Strategy day coming up? Do these five easy things to make it go with a bang!
Last week I ran a strategy day for board members and the senior management team of an organisation. A lot was discussed and achieved over the two three-hour sessions. A simple - yet different from usual - approach and format ensured the objectives were achieved. Here are my five tips for getting the best out of any strategy day:
Switch it up. A co-working space. A private room above a pub. A funky meeting room somewhere new. Get. Out. Of. Your. Office. If you want people to feel unencumbered and free from the usual routine to get the thoughts flowing; if you want to achieve breakthroughs and get the energy fired up and flowing - it’s imperative to go somewhere different.
Ditch the table. At this week’s strategy day, there were 18 people in the room. 18 people who would usually sit around a long board table. But tables get in the way. They can act as a barrier. People hide behind them. Hierarchies play out. That’s why I always stipulate an arc or horseshoe of seats. No one is head of the table, everyone can contribute and the layout lends itself to more open conversations.

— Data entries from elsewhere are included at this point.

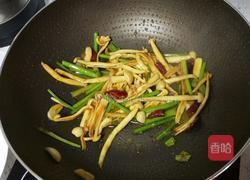 海鲜菇炒香芹的做法图解8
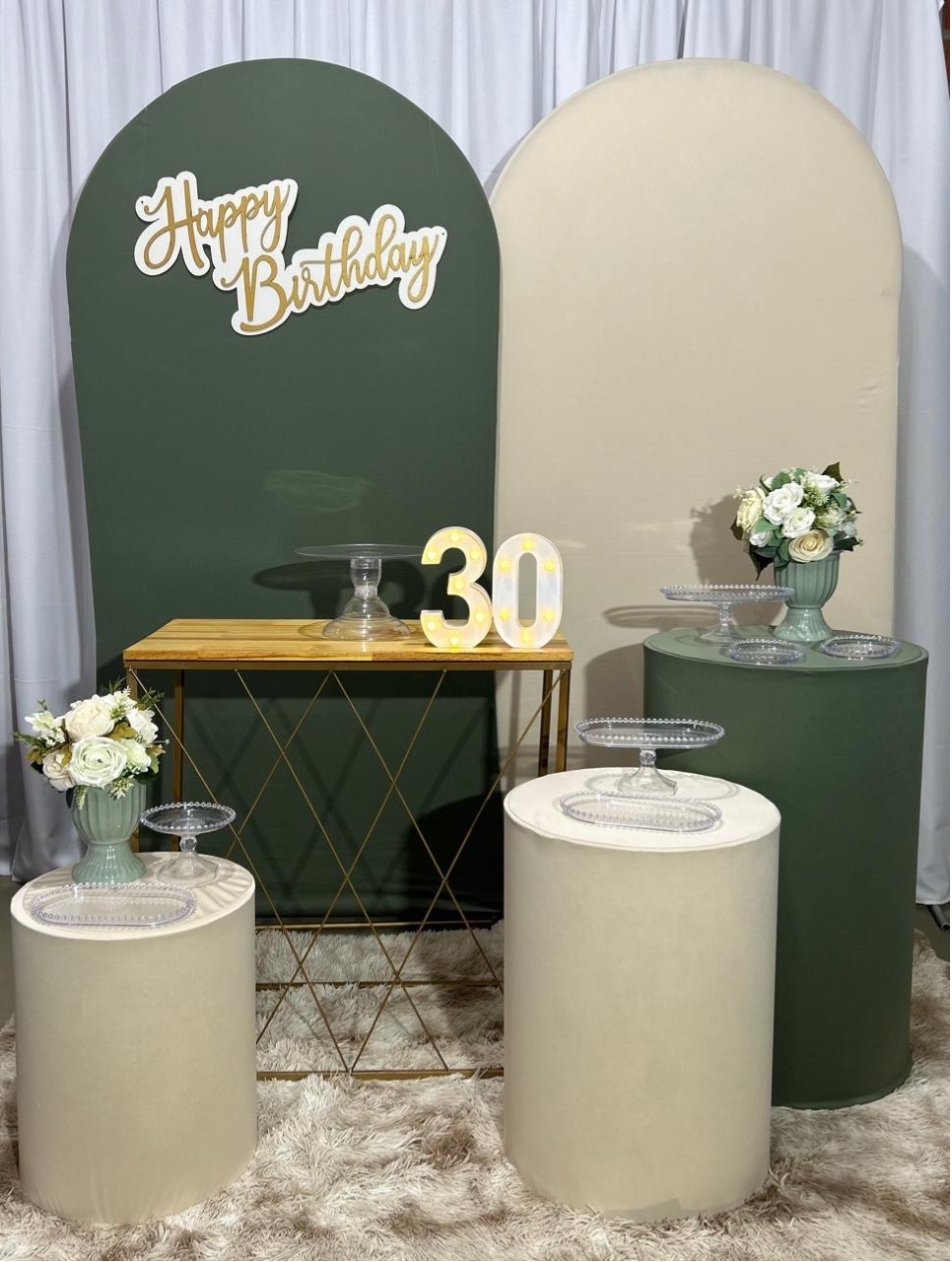 Kit Bege E Verde Oliva Com Mesa E Cilindros - A FESTA E DECORAÇÃO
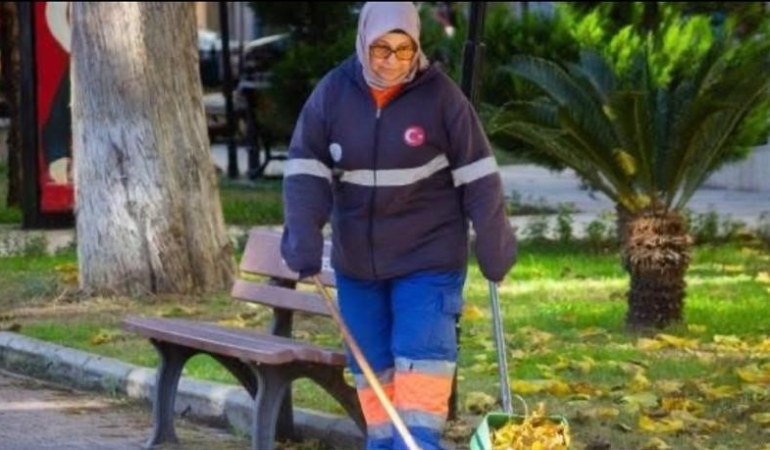 Yeni Yılın İlk Gününde Temizlik Görevlileri ve Pazarcılar İş Başındaydı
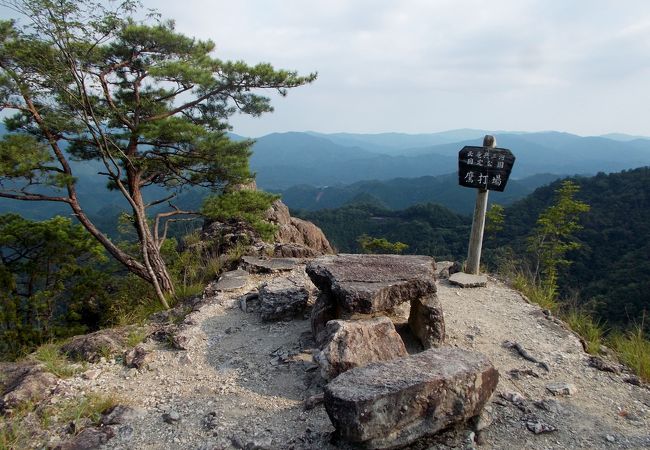 鳳来寺山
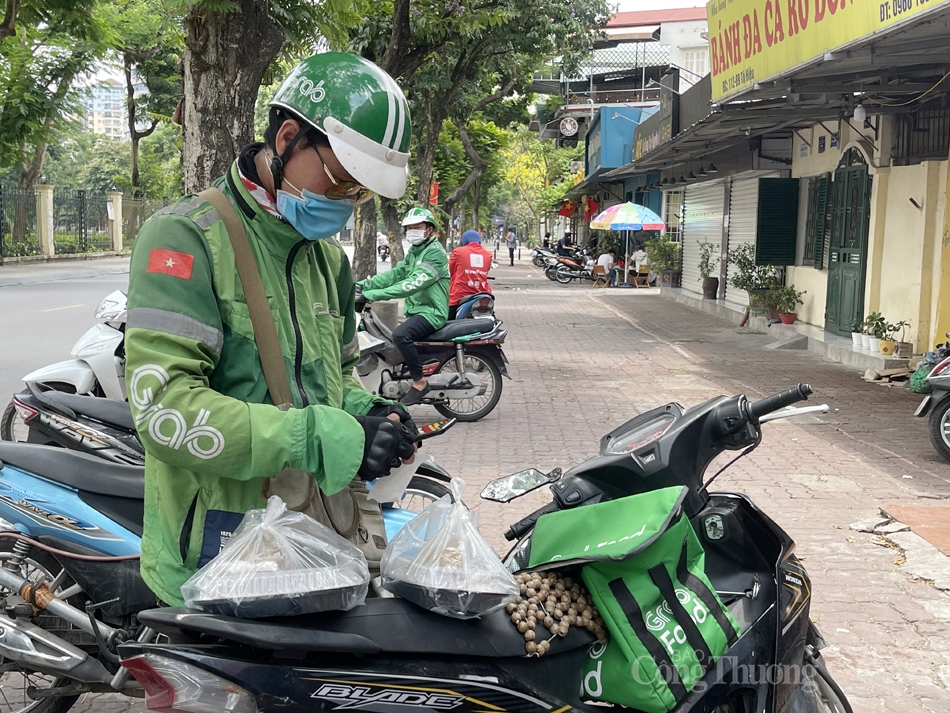 Những ngày gần đây lượng khách đặt đồ ăn qua ứng dụng tăng lên nhiều, phải tiếp xúc với nhiều người nên mọi người luôn đeo khẩu trang khi đi làm và sắm thêm chai nước sát khuẩn để dùng cho yên tâm - Một shipper đến nhận đơn cho biết.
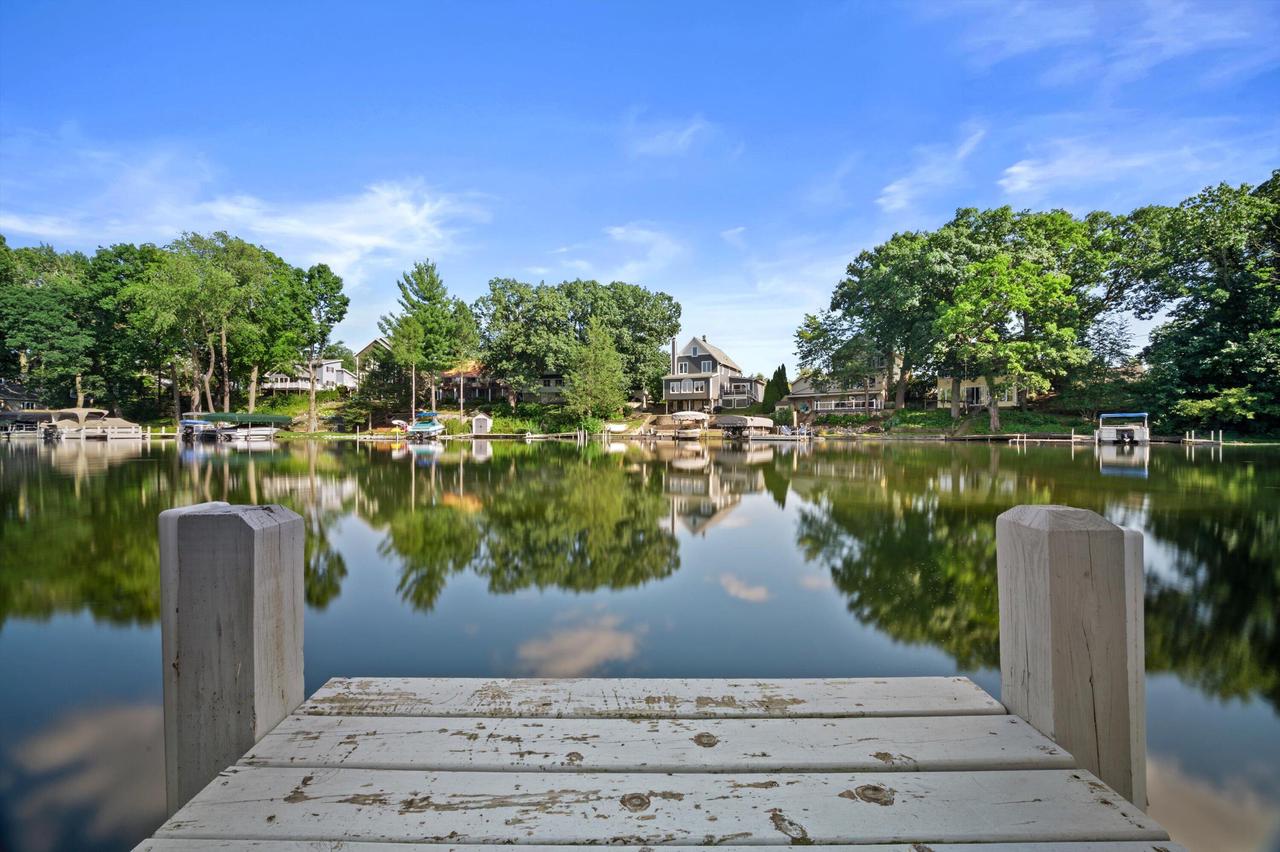 W352N5282 Lake DRIVE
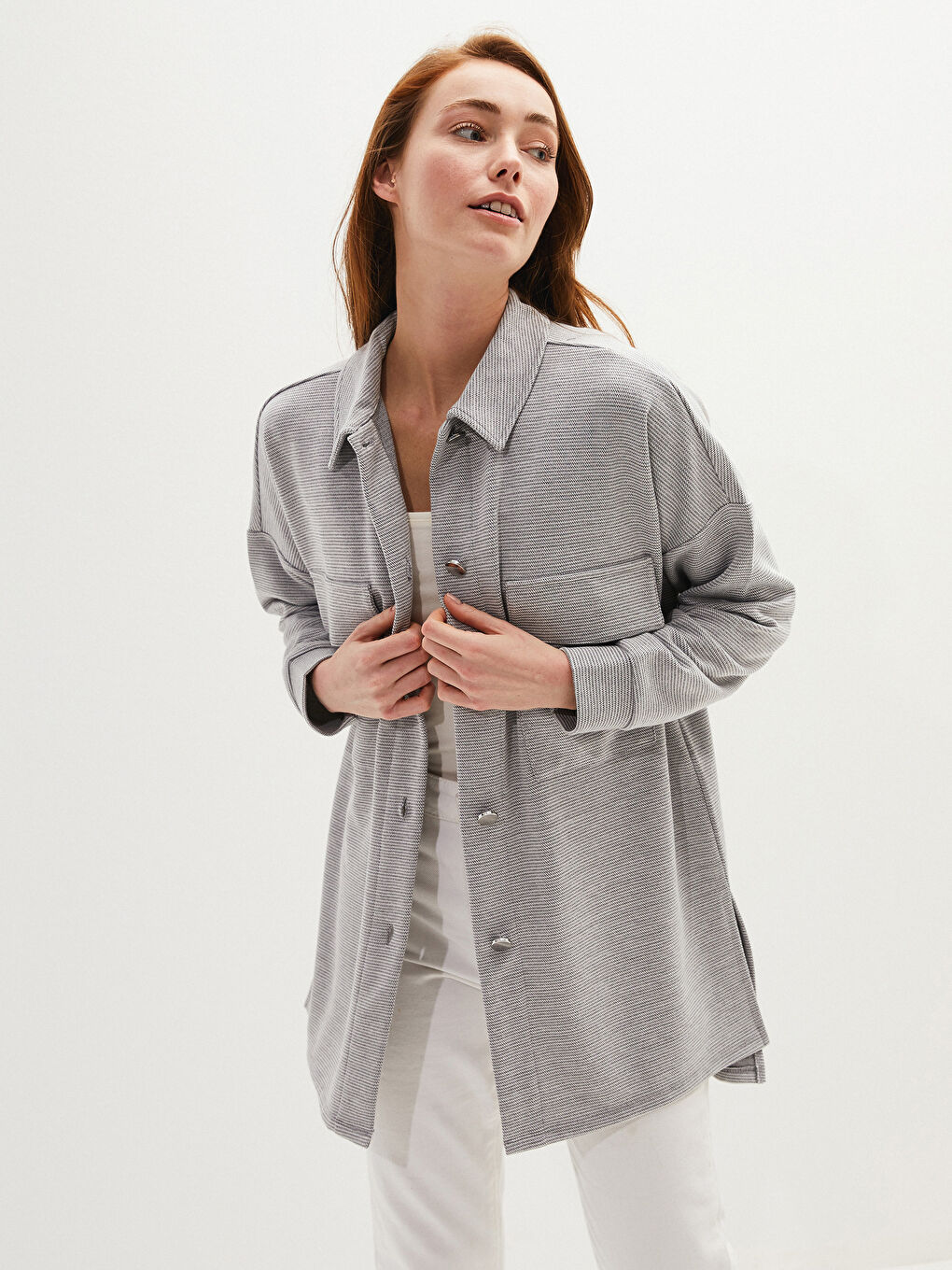 Gri Düğme Kapamalı Çizgili Uzun Kollu Cep Detaylı Kadın Gömlek Ceket
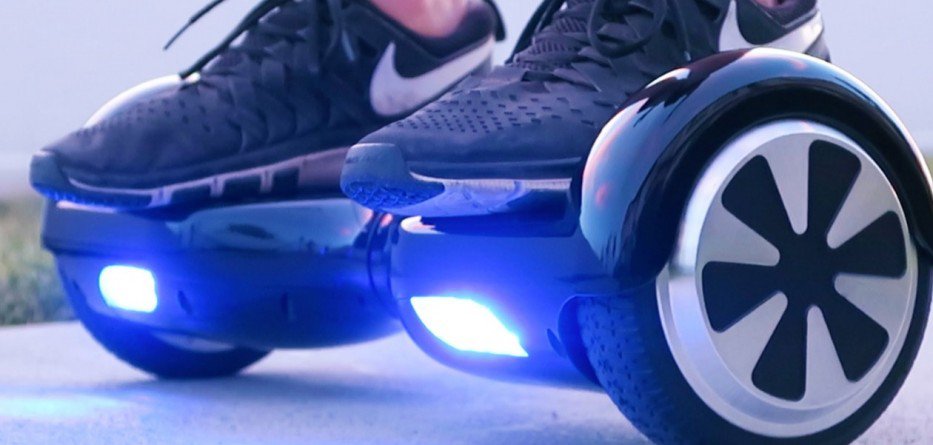 TicDigitalCo's tweet photo. Amazon reembolsará a los compradores de hoverboards https://t.co/dunQiMhNgw vía @Hoyentec #NotiTIC #TicDigital https://t.co/kOtyGGK8Ob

Keep the topic list concise. Nothing is going to be more off-putting than a long laundry list of topics to discuss. Who wants to wade through ten or twenty points? There won’t be time either to do it all justice. So keep it short. In a six-hour session we tackled four topics. The subjects had space to breathe.
Stay focused. What do you want the outcome to be? Make sure you’re crystal clear on this, whether it’s an agreement in principle, a consensus, a decision. You’ve got all the decision-makers in the room together, so make the most of it to get out of it what you want. You might be surprised by what you can achieve when you bring the constraint of time to the (non-existent) table.
Get an outsider to host. In Luke Johnson’s Sunday Times column on strategy days last weekend (“It’s hard to see any profit amid the undrinkable coffee and whiteboards”) he said that hiring an outsider was pointless: “The facilitator will probably neither understand the industry under discussion nor know the people in the room,” he writes. I wholeheartedly disagree. Getting the right person will bring a fresh perspective, energy and clarity. If they’ve got the nous and leadership credentials, ignorance of the organisation or industry won’t matter a bit. In fact, when you’ve got someone who isn’t familiar with the day-to-day they can ask the questions perhaps no one else will. They’ll be able to challenge and their impartiality and lack of vested interests can get everyone to contribute without any political undertones.